There is a lack of reliable and accessible information about migration in Myanmar, particularly in the rural areas where most of the prospective migrants are. Workers are therefore effectively pushed towards the ubiquitous broker, eventually resulting in higher recruitment costs. This is aided by a 1959 law prohibiting recruitment agencies from operating offices outside Yangon and MOLIP directives which forbid advertising by recruitment agencies. Although the latter is not strictly followed and some job- information is available on social media, websites are largely basic and often incomplete or out of date. The MOLIP ‘safe migration’ facebook page is a more useful source of practical information in Burmese for workers. A three-day pre-departure orientation carried out by recruitment agents is mandatory for migrants going to all countries, other than Thailand, because of the sheer scale of workers migrating there. This is ironic as these workers tend to be the least educated and experienced and would benefit the most from pre-departure training. Instead, all they receive is a basic session explaining the contract and working conditions immediately before the signing ceremony in Yangon, and a brief presentation on Thailand immediately prior to entering. In addition, trade unions and CSOs carry out their own training programmes but these are often limited in number and oversubscribed. CSOs and unions face restrictions and bureaucratic hurdles from local authorities, even when conducting their own outreach work. Increased cooperation between Government, CSOs and unions is therefore an obvious solution to improve information for workers.
Information made available by Thai authorities invariably focuses on those already in the country. Official websites provide some basic information, laws and regulations, cabinet resolutions, updates and detailed statistics, but these are mostly in Thai and thereby inaccessible to workers.

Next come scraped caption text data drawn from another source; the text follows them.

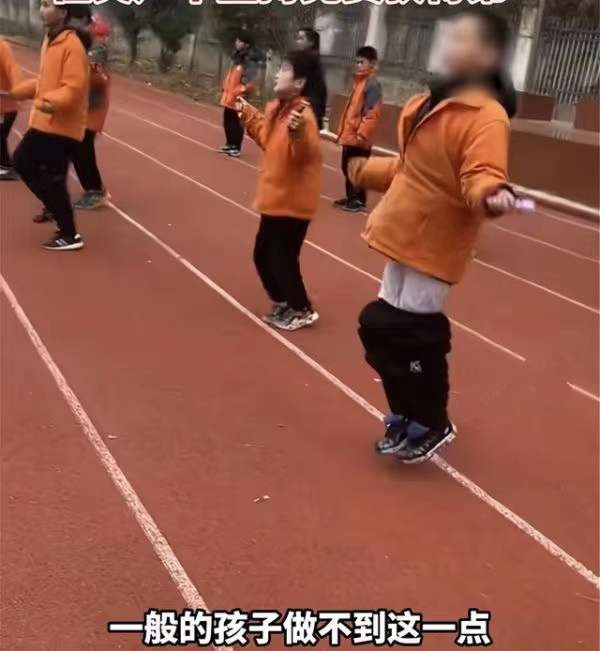 裤子掉了也不能输,一小学生跳绳竟把裤子跳掉,网友:还好有秋裤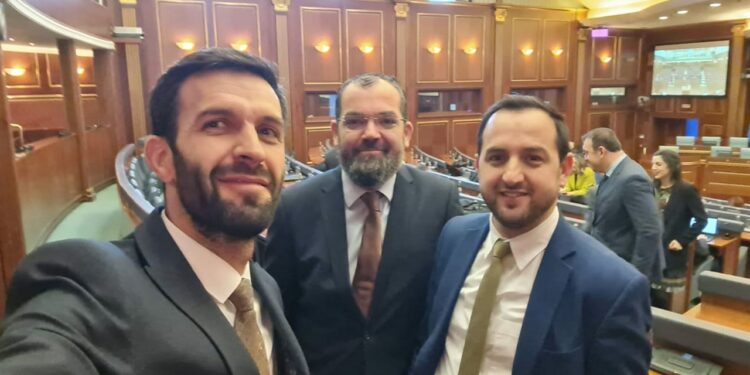 “Po e fillojmë një vit interesant në Kuvend”, çfarë po paralajmërojnë tre deputetët e Vetëvendosjes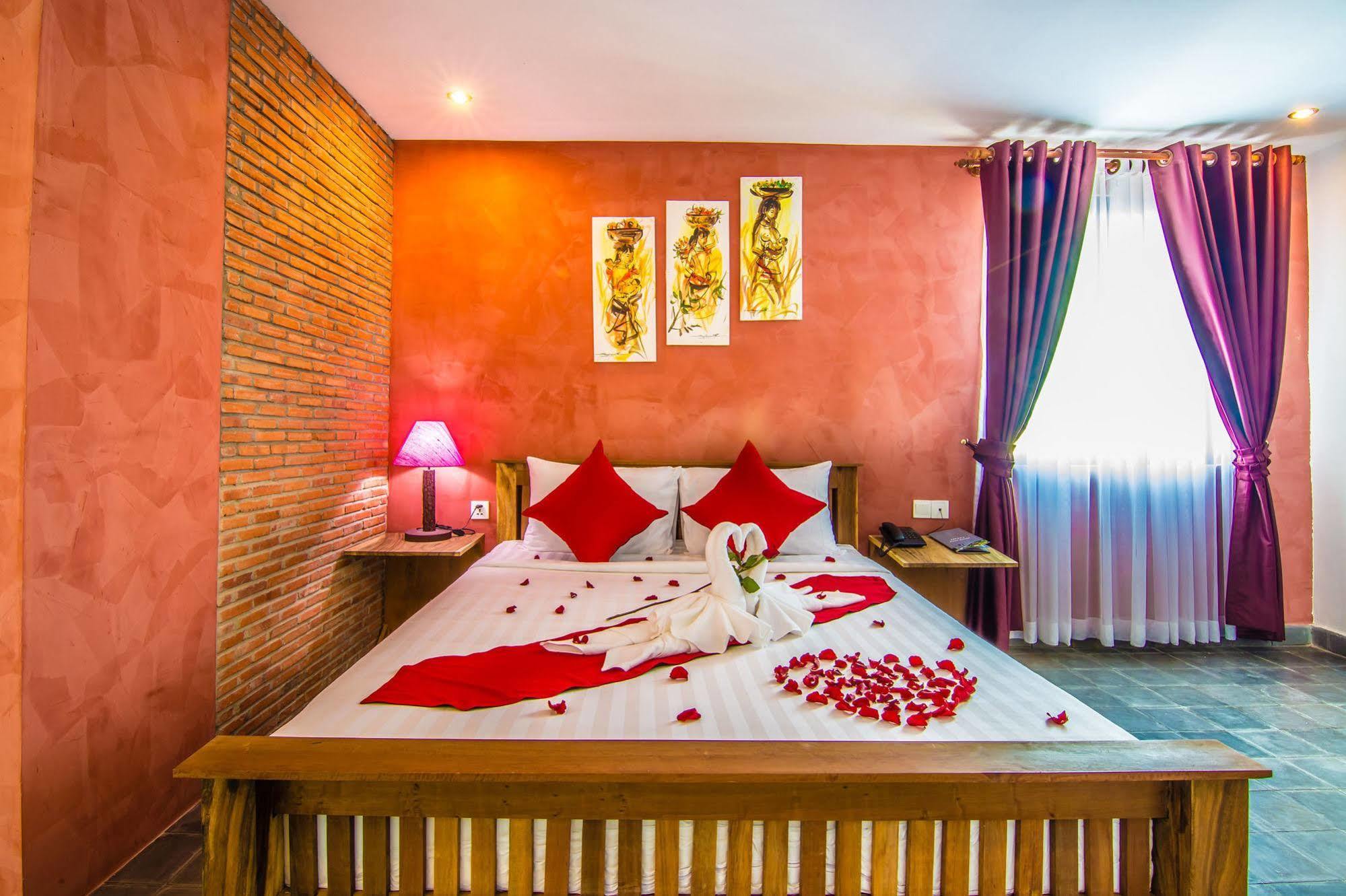Diamond Palace Resort & Sky Bar Phnom Penh Ngoại thất bức ảnh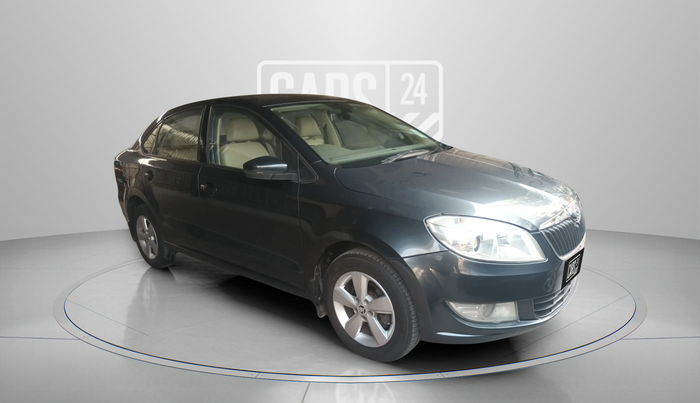 2016 Skoda Rapid 1.6 MPI STYLE PLUS AT, Petrol, Automatic, 64,845 km, SRP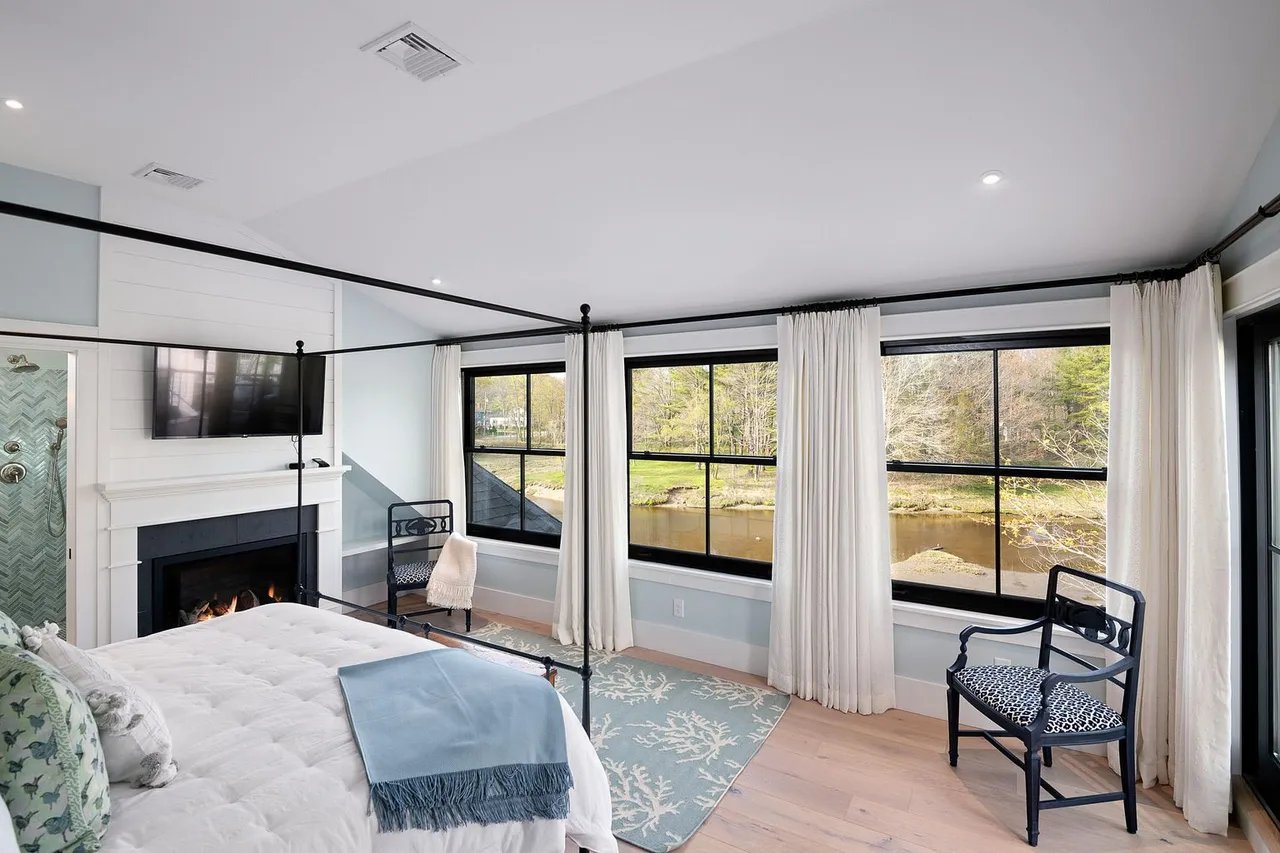Gorgeous Guest Houses & Separate Spaces to Spread Out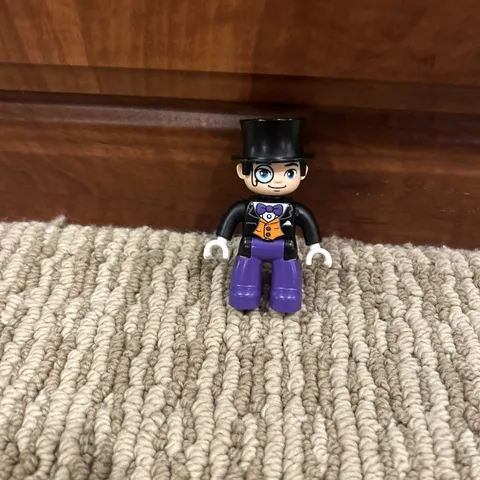 Lego Duplo Figure The Penguin black/purple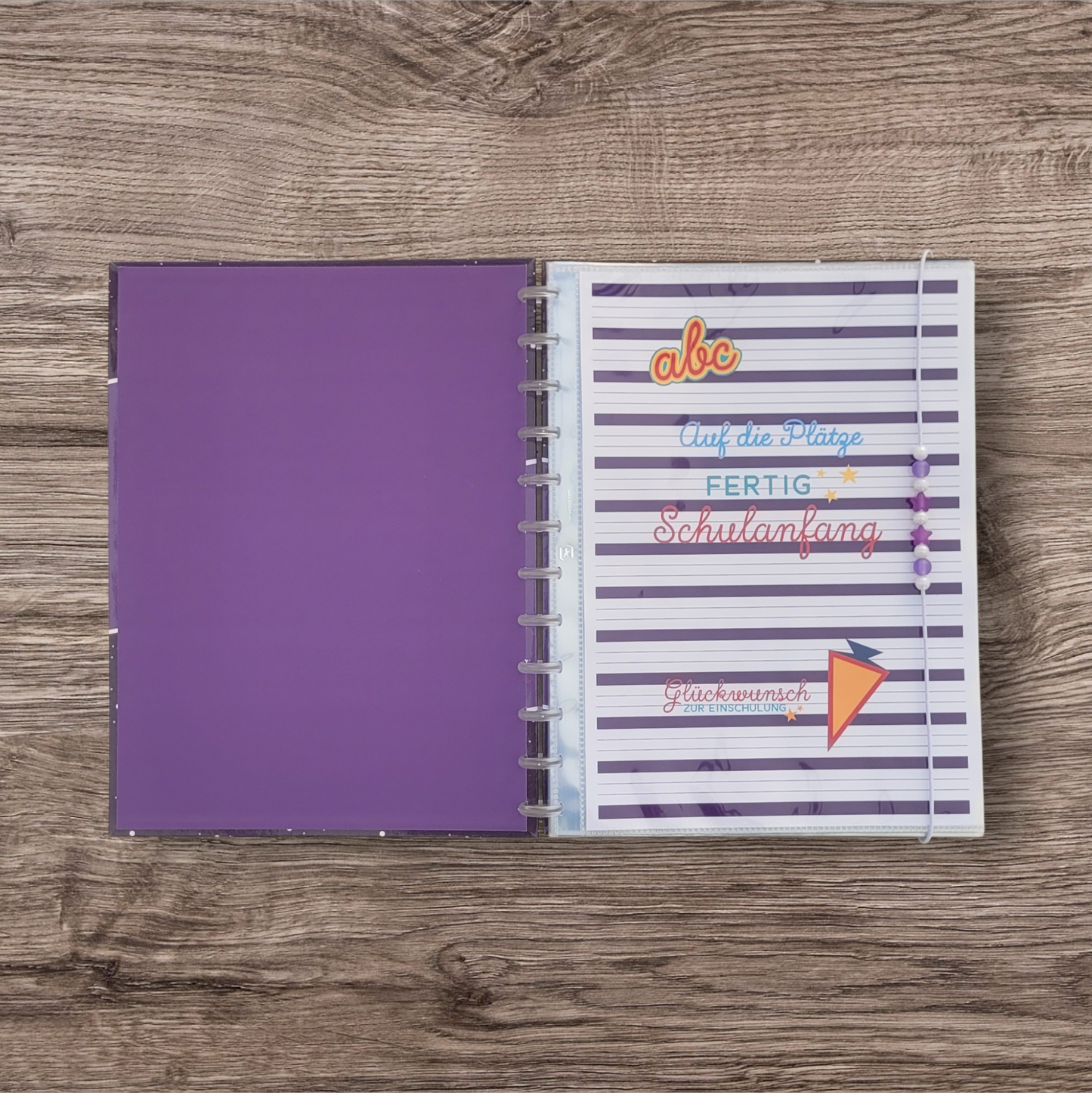 "Unregelmäßig gepunktet" Papeterie Zeugnismappe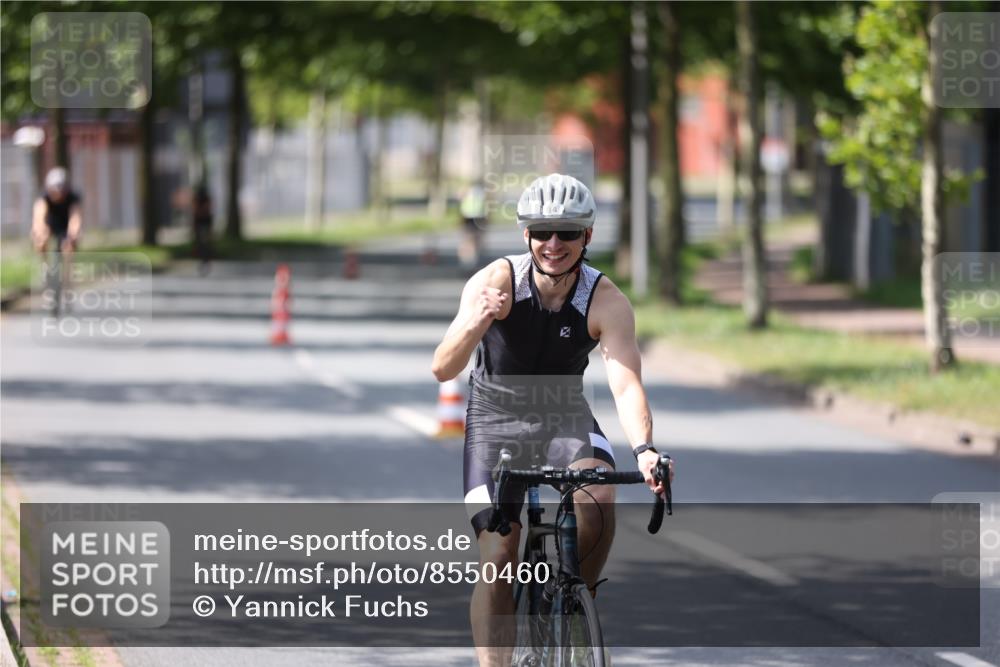 10.08.2025 - GEWOBA Citytriathlon Bremen Yannick Fuchs http://msf.ph/oto/8550460 10.08.2025 14:13:35 Radfahren 14, 26, 44, 112, 175 meine-sportfotos.de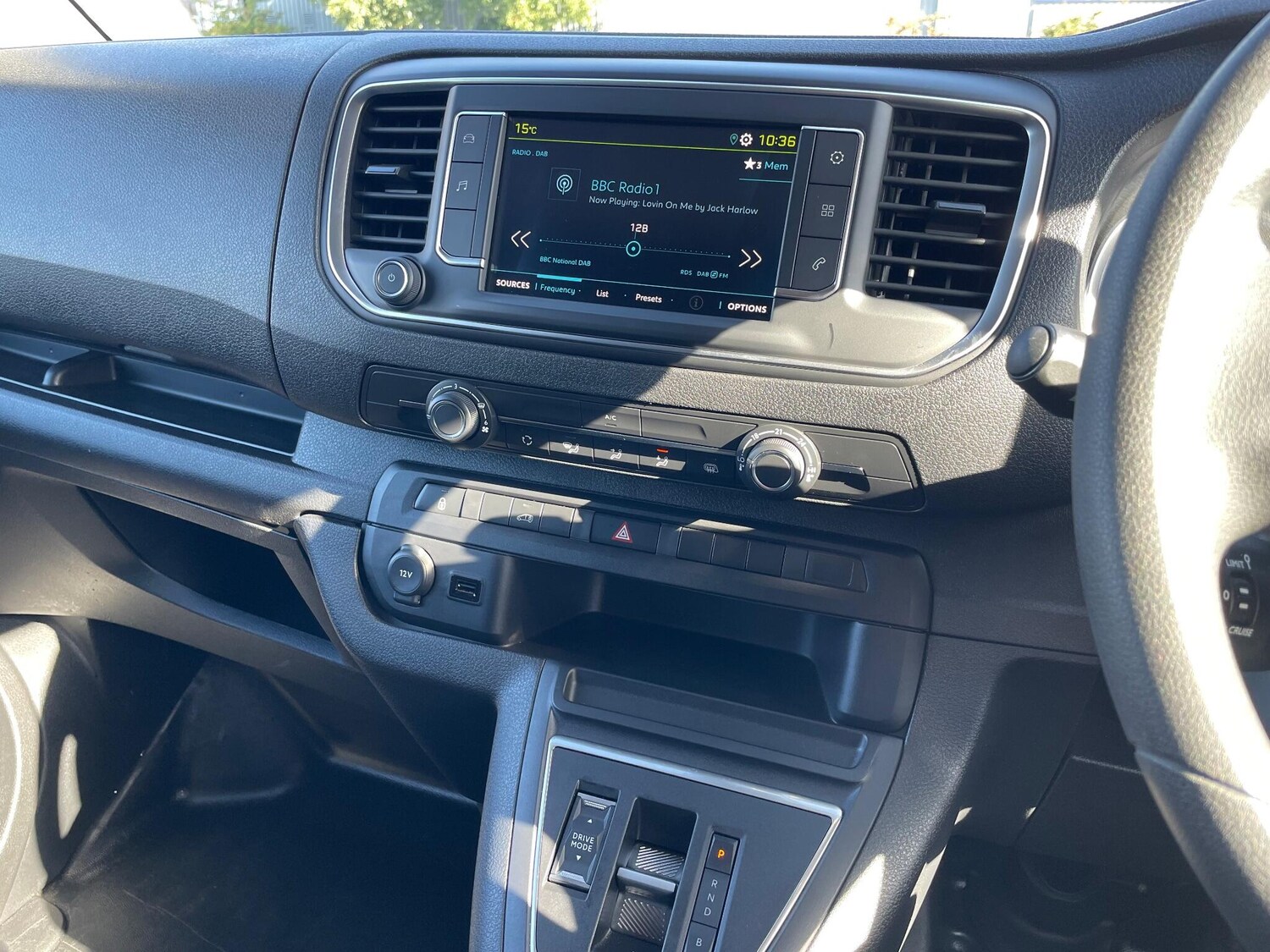 Used Peugeot e-Expert 2024 for sale - 75990615: Photo 36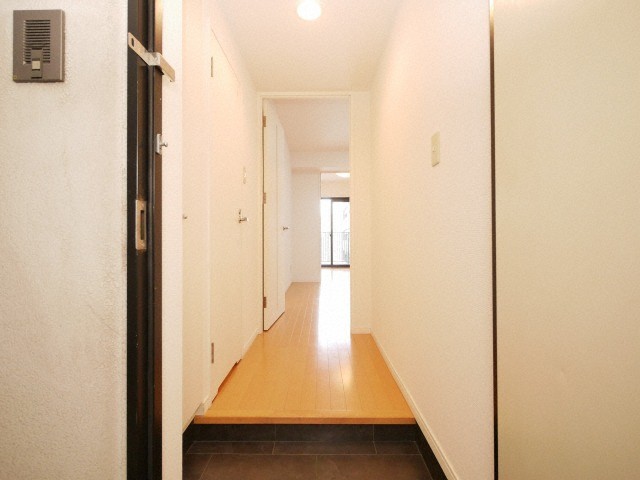 玄関　※別部屋の参考写真となります※現況優先※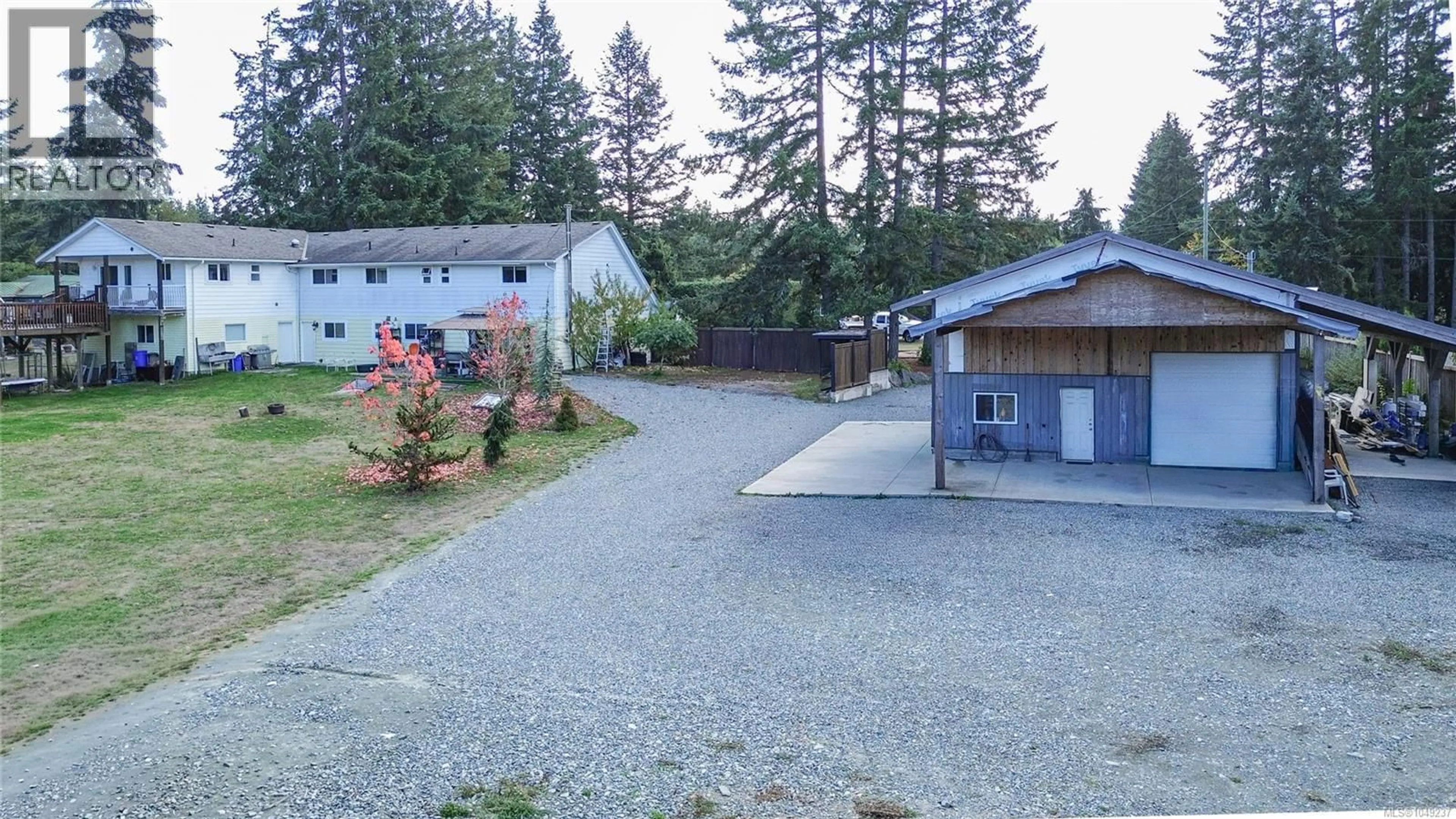 A pic from outside/outdoor area/front of a property/back of a property/a pic from drone, street for 3341 BOYLES ROAD, Cobble Hill British Columbia V0R1L7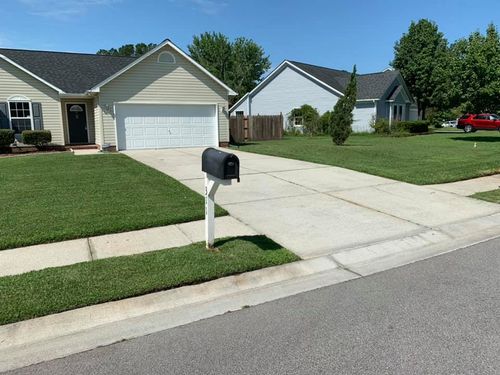 Mowing for NC Lawn Medics, LLC in Jacksonville, North Carolina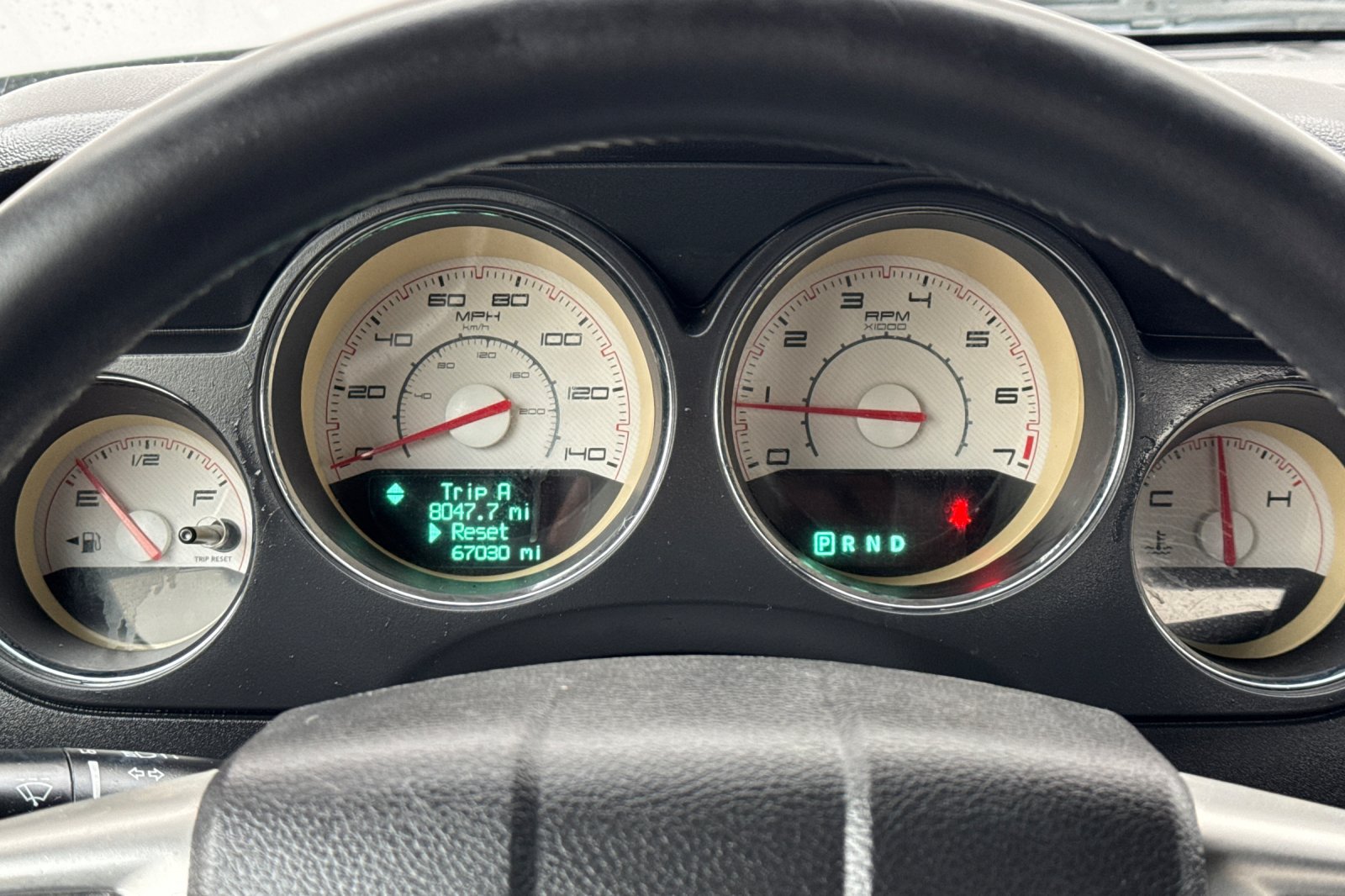 Used 2011 Dodge Challenger RWD image 37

Documents are also often outdated. Thai authorities do however produce material in various languages covering rights and duties of workers as also documents for irregular and undocumented workers already in the country. These include announcements about the regularisation process and warnings about registration deadlines. Similar information is also circulated via newspapers, internet videos and social media. Thai authorities have also collaborated extensively with the ILO, particularly on labour protection in the fisheries and seafood processing industry. There is good cooperation with NGOs who assist the ten Government Migrant Worker Assistance Centres, and the three ILO- supported Migrant Worker Resource Centres. In recent years, there has been increased collaboration in the fishing-seafood sector with NGOs also supporting the five Post-arrival and Reintegration Centres which also screened new workers and verified employment contracts. A number of seafarers’ centres have also been set up by NGOs and Government collaborating to provide advice and support to fishers. NGOs also often conduct their own events with migrants able to directly raise concerns with government officials. Many such ‘engagement’ events however tend to be proforma and/or symbolic.
Recommendations to the Royal Thai Government:
- Ensure that all information relevant to migrant workers - including laws, guidelines, information on fees/costs, particularly related to the complex and lengthy MOU process - is available in Burmese and other languages used by workers.